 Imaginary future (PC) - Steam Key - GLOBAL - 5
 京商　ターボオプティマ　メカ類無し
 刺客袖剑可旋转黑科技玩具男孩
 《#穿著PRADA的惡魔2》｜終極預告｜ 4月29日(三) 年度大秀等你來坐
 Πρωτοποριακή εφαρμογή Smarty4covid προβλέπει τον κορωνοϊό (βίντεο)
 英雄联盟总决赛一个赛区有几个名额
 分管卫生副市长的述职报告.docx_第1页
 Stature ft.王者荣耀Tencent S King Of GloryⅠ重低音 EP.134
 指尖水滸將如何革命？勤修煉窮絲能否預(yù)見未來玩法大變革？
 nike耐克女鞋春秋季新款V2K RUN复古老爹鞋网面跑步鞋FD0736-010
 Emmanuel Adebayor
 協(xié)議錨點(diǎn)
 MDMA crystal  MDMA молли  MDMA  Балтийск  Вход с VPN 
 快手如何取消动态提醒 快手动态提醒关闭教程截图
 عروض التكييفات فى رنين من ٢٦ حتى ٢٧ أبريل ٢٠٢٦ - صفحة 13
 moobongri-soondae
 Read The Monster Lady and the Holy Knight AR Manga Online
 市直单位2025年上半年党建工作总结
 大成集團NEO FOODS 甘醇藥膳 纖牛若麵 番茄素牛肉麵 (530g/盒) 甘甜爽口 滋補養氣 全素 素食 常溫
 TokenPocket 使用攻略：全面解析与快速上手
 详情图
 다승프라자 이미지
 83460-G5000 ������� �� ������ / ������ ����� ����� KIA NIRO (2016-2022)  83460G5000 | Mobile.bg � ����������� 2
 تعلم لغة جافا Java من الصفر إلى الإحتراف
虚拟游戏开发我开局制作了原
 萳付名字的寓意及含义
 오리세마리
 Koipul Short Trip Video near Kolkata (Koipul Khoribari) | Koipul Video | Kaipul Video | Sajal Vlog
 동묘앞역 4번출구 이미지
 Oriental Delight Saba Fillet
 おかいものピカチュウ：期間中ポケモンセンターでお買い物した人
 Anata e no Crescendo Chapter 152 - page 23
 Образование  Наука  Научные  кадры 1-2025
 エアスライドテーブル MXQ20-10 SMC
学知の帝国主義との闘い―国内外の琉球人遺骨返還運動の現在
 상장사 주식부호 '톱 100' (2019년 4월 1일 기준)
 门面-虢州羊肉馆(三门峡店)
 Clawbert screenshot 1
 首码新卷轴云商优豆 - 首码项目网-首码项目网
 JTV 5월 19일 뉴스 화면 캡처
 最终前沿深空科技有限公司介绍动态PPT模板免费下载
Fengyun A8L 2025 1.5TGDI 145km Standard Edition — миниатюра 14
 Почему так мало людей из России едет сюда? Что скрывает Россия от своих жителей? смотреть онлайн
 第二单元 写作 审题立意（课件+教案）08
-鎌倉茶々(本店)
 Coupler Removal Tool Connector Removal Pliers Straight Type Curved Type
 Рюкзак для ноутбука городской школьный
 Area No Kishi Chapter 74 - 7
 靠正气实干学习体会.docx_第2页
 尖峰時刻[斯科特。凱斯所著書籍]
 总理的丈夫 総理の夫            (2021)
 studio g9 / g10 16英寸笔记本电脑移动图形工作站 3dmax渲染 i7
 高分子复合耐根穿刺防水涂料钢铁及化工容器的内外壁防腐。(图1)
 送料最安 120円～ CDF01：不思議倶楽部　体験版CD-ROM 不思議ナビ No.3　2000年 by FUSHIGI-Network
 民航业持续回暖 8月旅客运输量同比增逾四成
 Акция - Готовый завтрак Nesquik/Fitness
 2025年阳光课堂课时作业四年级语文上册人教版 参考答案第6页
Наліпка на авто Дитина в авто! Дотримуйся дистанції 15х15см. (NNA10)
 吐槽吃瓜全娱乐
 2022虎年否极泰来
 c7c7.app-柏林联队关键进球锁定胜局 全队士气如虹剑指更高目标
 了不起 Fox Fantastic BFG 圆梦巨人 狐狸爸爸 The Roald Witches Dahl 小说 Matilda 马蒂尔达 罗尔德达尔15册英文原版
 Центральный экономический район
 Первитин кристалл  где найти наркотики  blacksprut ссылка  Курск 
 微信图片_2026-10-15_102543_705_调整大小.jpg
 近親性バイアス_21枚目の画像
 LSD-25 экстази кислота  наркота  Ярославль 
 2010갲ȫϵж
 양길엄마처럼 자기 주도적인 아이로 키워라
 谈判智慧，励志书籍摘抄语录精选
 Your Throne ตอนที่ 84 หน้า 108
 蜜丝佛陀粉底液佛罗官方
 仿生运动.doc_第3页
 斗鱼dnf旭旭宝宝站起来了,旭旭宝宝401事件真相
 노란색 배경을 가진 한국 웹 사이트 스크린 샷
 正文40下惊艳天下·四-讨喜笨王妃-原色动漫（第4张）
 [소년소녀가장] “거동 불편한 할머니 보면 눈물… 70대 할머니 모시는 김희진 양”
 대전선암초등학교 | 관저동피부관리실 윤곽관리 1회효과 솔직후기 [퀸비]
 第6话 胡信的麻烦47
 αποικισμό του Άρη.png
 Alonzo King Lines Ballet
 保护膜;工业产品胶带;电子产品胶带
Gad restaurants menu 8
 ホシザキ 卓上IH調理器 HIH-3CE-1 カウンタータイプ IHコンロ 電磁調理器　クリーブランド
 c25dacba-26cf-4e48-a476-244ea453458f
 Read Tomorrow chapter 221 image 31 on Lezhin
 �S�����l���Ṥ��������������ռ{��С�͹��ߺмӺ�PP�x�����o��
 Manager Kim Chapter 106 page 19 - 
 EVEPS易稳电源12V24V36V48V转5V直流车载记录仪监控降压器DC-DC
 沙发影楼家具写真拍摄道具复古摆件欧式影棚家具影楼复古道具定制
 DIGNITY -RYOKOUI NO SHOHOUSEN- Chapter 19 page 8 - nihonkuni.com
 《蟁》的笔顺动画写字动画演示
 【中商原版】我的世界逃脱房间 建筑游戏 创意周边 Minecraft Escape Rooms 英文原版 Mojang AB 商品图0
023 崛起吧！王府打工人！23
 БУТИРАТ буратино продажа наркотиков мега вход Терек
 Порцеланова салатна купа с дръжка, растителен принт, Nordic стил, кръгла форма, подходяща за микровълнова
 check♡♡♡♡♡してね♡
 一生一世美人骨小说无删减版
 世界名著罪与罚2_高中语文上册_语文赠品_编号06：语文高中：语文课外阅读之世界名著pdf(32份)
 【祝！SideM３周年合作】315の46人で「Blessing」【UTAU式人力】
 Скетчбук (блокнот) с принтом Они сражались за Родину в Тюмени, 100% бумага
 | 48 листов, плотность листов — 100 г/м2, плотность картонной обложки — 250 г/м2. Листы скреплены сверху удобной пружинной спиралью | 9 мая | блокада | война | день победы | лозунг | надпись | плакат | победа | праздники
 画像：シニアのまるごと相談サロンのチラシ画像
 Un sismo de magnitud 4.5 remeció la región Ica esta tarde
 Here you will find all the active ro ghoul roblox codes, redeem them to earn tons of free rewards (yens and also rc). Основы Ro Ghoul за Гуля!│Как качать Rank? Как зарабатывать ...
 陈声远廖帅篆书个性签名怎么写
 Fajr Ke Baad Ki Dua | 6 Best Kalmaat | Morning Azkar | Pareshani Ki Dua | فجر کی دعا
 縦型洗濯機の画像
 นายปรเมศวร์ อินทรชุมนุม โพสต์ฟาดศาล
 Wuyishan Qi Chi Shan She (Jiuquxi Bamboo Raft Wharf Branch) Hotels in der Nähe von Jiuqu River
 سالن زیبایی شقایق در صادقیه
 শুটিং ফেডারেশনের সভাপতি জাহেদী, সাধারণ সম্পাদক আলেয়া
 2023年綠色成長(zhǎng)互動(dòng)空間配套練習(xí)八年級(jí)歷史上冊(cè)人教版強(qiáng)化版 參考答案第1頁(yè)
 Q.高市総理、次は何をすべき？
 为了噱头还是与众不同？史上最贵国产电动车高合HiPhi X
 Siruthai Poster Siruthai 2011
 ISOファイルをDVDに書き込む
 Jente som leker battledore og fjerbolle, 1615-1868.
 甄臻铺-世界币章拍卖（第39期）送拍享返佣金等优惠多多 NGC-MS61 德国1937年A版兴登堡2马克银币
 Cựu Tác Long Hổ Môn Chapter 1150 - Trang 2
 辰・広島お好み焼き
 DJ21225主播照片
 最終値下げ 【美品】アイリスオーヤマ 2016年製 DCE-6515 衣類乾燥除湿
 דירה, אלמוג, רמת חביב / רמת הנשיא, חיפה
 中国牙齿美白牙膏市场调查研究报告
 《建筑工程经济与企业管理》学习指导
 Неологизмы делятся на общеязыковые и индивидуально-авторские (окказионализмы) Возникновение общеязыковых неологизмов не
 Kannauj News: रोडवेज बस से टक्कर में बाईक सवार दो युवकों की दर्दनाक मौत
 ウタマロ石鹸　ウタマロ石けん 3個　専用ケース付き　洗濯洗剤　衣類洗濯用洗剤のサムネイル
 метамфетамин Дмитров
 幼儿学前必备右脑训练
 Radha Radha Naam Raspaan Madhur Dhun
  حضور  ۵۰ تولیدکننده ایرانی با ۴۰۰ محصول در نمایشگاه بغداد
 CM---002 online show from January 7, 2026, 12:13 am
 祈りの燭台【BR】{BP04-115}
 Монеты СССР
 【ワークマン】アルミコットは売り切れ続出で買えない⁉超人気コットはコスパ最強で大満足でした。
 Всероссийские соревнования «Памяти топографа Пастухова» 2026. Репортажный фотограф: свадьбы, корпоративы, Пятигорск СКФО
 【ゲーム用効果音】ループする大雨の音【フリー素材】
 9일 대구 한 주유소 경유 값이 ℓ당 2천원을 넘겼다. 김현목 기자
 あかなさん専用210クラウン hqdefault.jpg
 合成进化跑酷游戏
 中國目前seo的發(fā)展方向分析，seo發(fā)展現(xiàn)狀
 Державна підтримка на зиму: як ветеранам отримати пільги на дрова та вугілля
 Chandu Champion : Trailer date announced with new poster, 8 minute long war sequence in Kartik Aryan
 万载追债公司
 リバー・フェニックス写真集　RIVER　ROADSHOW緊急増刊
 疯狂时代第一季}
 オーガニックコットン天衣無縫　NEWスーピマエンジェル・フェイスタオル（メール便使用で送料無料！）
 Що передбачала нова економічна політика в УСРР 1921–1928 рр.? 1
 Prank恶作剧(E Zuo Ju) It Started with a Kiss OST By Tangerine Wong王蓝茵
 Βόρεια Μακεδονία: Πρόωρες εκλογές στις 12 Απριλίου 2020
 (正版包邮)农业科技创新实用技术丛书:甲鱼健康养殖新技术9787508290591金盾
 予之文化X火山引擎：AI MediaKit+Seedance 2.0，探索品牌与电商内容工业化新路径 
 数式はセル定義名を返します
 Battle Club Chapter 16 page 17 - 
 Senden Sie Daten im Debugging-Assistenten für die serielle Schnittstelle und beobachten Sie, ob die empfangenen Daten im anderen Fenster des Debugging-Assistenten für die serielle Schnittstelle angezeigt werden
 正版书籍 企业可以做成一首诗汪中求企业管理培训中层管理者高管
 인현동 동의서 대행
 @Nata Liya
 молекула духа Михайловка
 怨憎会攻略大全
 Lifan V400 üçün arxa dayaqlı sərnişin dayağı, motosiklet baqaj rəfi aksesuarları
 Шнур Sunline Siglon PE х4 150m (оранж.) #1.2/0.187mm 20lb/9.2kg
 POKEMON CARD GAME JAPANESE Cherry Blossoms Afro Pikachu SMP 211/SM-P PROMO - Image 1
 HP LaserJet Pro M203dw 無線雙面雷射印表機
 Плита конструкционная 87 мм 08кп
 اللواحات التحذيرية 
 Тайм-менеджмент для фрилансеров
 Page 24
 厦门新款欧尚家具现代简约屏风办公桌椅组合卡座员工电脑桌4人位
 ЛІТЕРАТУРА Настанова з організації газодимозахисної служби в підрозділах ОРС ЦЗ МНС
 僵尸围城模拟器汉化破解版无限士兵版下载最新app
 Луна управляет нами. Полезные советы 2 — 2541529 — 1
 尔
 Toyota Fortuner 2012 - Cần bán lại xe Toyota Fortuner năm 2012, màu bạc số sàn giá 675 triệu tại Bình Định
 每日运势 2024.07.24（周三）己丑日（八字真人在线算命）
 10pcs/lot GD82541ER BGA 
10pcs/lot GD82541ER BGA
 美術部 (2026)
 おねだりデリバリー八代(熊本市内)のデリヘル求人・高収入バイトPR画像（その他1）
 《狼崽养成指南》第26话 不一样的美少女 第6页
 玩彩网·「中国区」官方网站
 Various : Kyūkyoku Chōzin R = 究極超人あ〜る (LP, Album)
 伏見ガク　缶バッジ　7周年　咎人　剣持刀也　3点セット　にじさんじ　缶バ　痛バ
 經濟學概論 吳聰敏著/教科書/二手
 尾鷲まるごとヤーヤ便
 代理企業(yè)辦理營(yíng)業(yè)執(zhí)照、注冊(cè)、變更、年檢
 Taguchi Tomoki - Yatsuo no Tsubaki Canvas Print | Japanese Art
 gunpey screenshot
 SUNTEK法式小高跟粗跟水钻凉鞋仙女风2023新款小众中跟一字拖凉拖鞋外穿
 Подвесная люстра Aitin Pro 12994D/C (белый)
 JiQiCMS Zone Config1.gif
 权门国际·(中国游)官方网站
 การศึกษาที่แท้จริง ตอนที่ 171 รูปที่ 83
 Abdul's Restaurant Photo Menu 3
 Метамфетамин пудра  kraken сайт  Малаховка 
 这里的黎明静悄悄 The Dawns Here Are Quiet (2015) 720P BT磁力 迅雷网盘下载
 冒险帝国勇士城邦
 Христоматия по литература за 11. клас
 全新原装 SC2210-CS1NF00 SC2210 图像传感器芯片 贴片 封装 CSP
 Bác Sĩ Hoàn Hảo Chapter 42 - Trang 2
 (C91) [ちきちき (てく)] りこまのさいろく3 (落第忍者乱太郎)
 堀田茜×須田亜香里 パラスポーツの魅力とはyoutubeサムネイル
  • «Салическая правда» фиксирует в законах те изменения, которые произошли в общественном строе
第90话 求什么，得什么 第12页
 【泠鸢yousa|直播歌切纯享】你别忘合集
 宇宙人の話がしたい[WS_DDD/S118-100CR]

_ _ _ _

◆ Assignment ◆
Please reproduce the lines from the line with "沙发影楼家具写真拍摄道具复古摆件欧式影棚家具影楼复古道具定制" to the line with "победа | праздники", both ends included, exactly as they appear above.

◆ Expected output ◆
 沙发影楼家具写真拍摄道具复古摆件欧式影棚家具影楼复古道具定制
 DIGNITY -RYOKOUI NO SHOHOUSEN- Chapter 19 page 8 - nihonkuni.com
 《蟁》的笔顺动画写字动画演示
 【中商原版】我的世界逃脱房间 建筑游戏 创意周边 Minecraft Escape Rooms 英文原版 Mojang AB 商品图0
023 崛起吧！王府打工人！23
 БУТИРАТ буратино продажа наркотиков мега вход Терек
 Порцеланова салатна купа с дръжка, растителен принт, Nordic стил, кръгла форма, подходяща за микровълнова
 check♡♡♡♡♡してね♡
 一生一世美人骨小说无删减版
 世界名著罪与罚2_高中语文上册_语文赠品_编号06：语文高中：语文课外阅读之世界名著pdf(32份)
 【祝！SideM３周年合作】315の46人で「Blessing」【UTAU式人力】
 Скетчбук (блокнот) с принтом Они сражались за Родину в Тюмени, 100% бумага
 | 48 листов, плотность листов — 100 г/м2, плотность картонной обложки — 250 г/м2. Листы скреплены сверху удобной пружинной спиралью | 9 мая | блокада | война | день победы | лозунг | надпись | плакат | победа | праздники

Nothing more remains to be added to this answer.